A Taxi Service however would be different, as it would be if Uber was a "Car Service" that employs the drivers directly, and to be clear there are Car Services out there with company employed drivers they are $$$ but they exist
What is the length of this contract? Isn't a freelancer usually signing up for a well defined piece of work, not some arbitrary unknown bundle lasting an arbitrary amount of time?
Except you already know the rules of the contract, i.e. you get A but not B until you accept the contract. If you don't like the rule, you can opt out of the contract (in this case decline the ride).
It’s not just for safety reasons. I’ve had an incident where I was trying to get to SFO from fairly far away. 3 drivers left after they arrived and found out I was going to sfo. Had to wait until the 4th driver, which took an extra half an hour or so more than normal. I was cutting it fairly close, so this made it almost too close.
I'm aware of the guidelines. I've been here for years and such tiny dabs of sarcasm have never been an issue before. If we're not all grown up enough here to handle a basic "oh, great" then that's a sad state of affairs. Guess I'll write every comment like a college thesis statement from now on.
It always seems like "tiny dabs" when we're the one producing it, but I guarantee you that it doesn't feel that way to everyone else. Perhaps the majority don't care, but at least in the long tail, a bunch will, and some of those will get activated enough to lash back. The reason we ask people not to post like that isn't because we think it's somehow wrong in itself. It's simply because the quality of the lash-backs is so low, and they lead to even worse. That's why we got https://news.ycombinator.com/item?id=22021528 and so on.
In that way, each user here is partly responsible for the quality of the replies they get. If we want to have a good community in the long run, we have to learn to edit out gratuitous provocation.
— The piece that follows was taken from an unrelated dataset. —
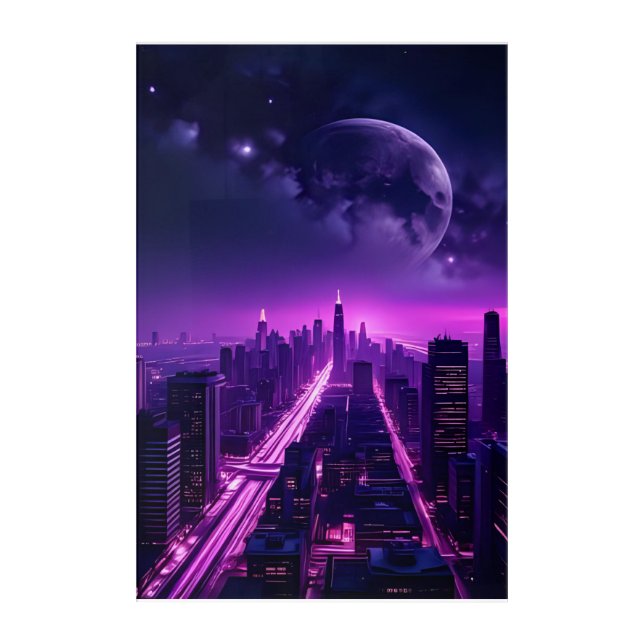 Futuristic Cyberpunk City at Night – Neon Purple Acrylic Print (Front)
I drive in smallish city. I never drive more than ten minutes for a ride. This means that at night (when I'm the only one on the road) some people don't get rides. I know it would be nice if we had people who could drive around on their own dime and give everybody rides, unfortunately that does not exist. I will happily go anywhere in a city where a ride will be worth my time and effort. We could increase the cost of short rides and pay the drivers (and charge the drivers) for the time spent driving to the rides. Then the drivers will come.
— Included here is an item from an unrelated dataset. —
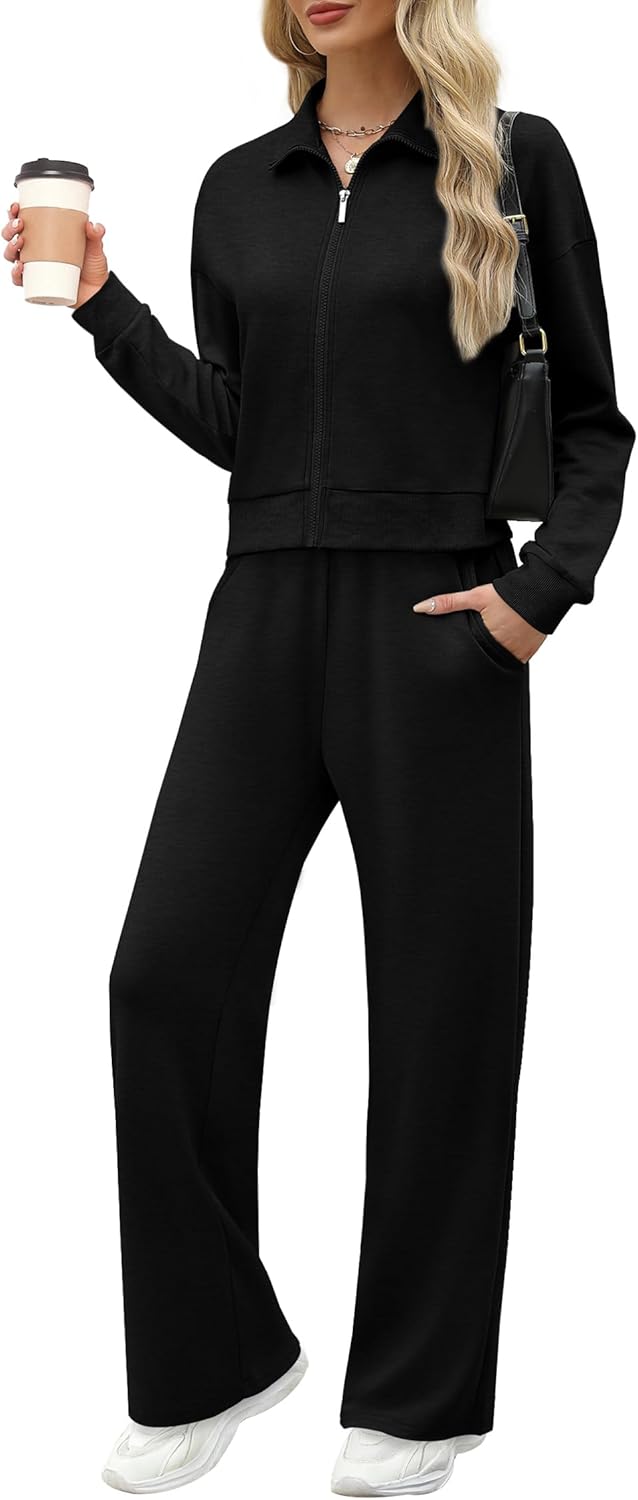 XIEERDUO Lounge Sets for Women 2024 Sweatsuit 2 Piece Outfits Sweatshirt Wide Leg Sweatpant Tracksuit Matching Set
However, you are asking that drivers be willing to take 40 minutes out of their day to make 3 dollars. These drivers often barely make it by as it is. That is neither profitable or sustainable.
Subsidizing a small portion of the user base in the name of fairness is certainly sustainable, as it already was before. I get you don't like making a few less dollars in the day but society works better when we help each other out a bit and I don't think people should suddenly start having to pay an extra transportation tax for the zip code they live in.
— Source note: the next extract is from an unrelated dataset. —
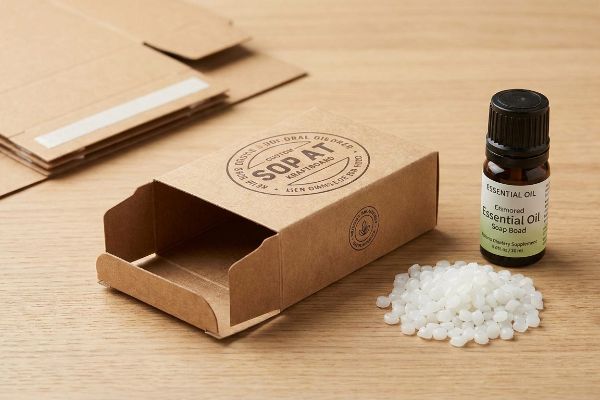 Brown Kraft paperboard Sop At Kraftboard soap box, essential oil bottle, and white soap beads.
Why? One does pay more for a metro ticket in area 9 compared to area 3. And metros are usually as subsidised as it gets. Also the cost/rent of an apartment in area 9 is less than one in area 3.
The guy that your parent post is responding to us the guy responsible for refusing rides, in this instance, not Uber.
The point is with this change it is no longer like “complaining to the customer service rep” it is now a whole lot more like “complaining to the independent contractor that his policy is exclusionary”, despite the fact that his contracting agency clearly wishes it weren’t, which is why they hid that information from the ‘contractor’ in the first place.
Or how about instead of eroding the user experience to allow Uber to continue to take advantage of the fiction of the drivers being "independent contractors", the state does what it should and enforce minimum conditions, including a minimum wage?